Dans cette strophe de la « Rome ridicule », caprice le plus long de Saint-Amant, le poète feint d’interpeller sa plume. La tradition nous offre une ribambelle d’explications étymologiques pour l’origine du nom « caprice[8] ». Mais Saint-Amant ne permet pas de douter — on le voit dans ce passage aussi bien que dans deux vers de la « Pétarrade aux rondeaux » (« le Caprice avecques sa peinture / Qui fait bouquer et l’Art, et la Nature », II, 202, v. 9-10)[9] : pour notre poète, le mot caprice, où on peut voir l’étymon latin capram (chèvre), remonte à la démarche capricieuse du bouc. D’où le nom « Boucquin » et le verbe « bouquer ». Saint-Amant, en jouant sur le mot bouc, souligne le caractère mâle du caprice[10], évoquant les lubriques compagnons de Bacchus aux pieds de bouc[11] : le satyre devient ainsi l’emblème mythique de ce genre. Souvent, le caprice a une visée satirique[12]. Le verbe « lanterner », que Saint-Amant tire de Rabelais, renforce l’idée d’une démarche incontrôlée[13], tout comme la « furie » des doigts. Le caprice s’accommode bien de l’hermétisme dans la mesure où dans ce genre de poème, les transitions, tout comme les sauts d’une chèvre, doivent être imprévisibles : de fait, elles restent incompréhensibles à la première lecture. Dans le « Caprice » écrit en 1632 par Saint-Amant (II, 141-143), en l’espace de 5 strophes, on saute brusquement des melons pourris à l’amour, puis à la politique.

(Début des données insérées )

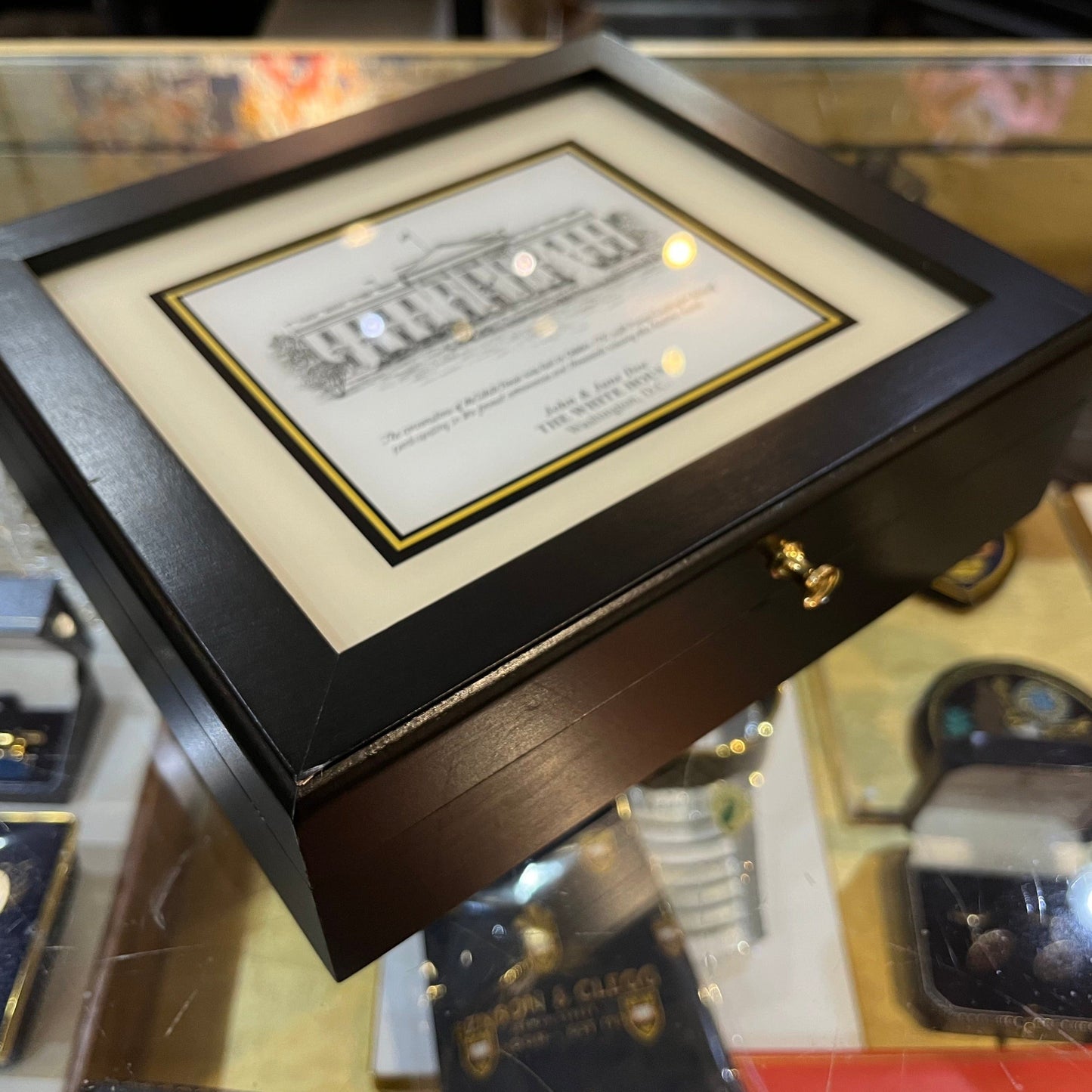 Custom Desk Box Gift | US Capitol Building | White House | DC City Scape | 8.5 by 7 by 2.75 inches | Black Stain with Pen & Ink Drawing & Personalization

La couleur du caprice est sombre, tel le « charbon », qui ne s’utilise d’ailleurs que pour les ébauches et s’efface facilement[14]. Dès lors, le caprice devient le genre fugace de l’anti-mémoire par excellence, ou plutôt le genre qui devant le constat d’une perte, recherche une compensation dans l’effacement du présent et dans l’oubli des choses mémorables. L’oubli qui n’est que la perte d’un passé constitue le poète en être mélancolique et motive en même temps sa verve satirique dirigée contre le présent, qu’il s’agit d’effacer pour le mettre à niveau avec ce passé qui échappe. Ce regret, en même temps rejet du passé, nous le trouvons non seulement dans le « Caprice » de 1632, mais aussi dans la « Solitude » célèbre de Saint-Amant, ode qui n’a pourtant au premier coup d’oeil rien à voir avec un caprice :

5  Mon Dieu ! que mes yeux sont contens

 De voir ces Bois qui se trouverent

 A la nativité du Temps, […] !

 Rien que leur extresme hauteur

 Ne fait remarquer leur vieillesse :

15 Jadis Pan, et ses Demy-Dieux

 Y vindrent chercher du refuge,

 Quand Jupiter ouvrit les Cieux

 Pour nous envoyer le Deluge,

 Et se sauvans sur leurs rameaux,

20 A peine virent-ils les Eaux[15].

Hétérodoxie, voire hérésie : le poète insinue que le déluge ne fut pas universel. Car les « Demy-Dieux » de Pan sont les survivants de l’âge d’or. Ils ont sans doute le corps de satyres, êtres fabuleux qui accompagnaient Bacchus. Mais Pan ayant lui-même l’apparence d’un satyre, cette identification s’impose. Le souvenir brillant de l’âge d’or menacé par le cataclysme tombe tout de suite dans un passage mélancolique où le bonheur aboutit à l’oubli (I, 41 s., v. 101-108) :

 Là, se trouvent sur quelques marbres

 Des devises du temps passé;

 Icy, l’âge a presque éffacé

 Des chiffres taillez sur les arbres.

105 Le plancher du lieu le plus haut

 Est tombé jusques dans la cave,

 Que la limace, et le crapaut,

 Soüillent de venin, et de bave

Saint-Amant tombe souvent de l’idylle, de l’âge d’or, dans la mélancolie des ruines et de la terreur[16]. Saturne est à la fois dieu de l’âge d’or et patron des mélancoliques. Ainsi les « chiffres » clairs des amants qui peuplent le roman et la pastorale[17] s’obscurcissent petit à petit. À la montée salvatrice des satyres au début de l’ode, s’oppose maintenant la dégringolade d’un « plancher » énigmatique. Car l’identité du « lieu le plus haut » reste mystérieuse : voici comment le signe, dans l’écriture capricieuse, finit par signaler une perte, et participe à la fois de la clarté de la mémoire et de l’opacité hermétique et de l’oubli.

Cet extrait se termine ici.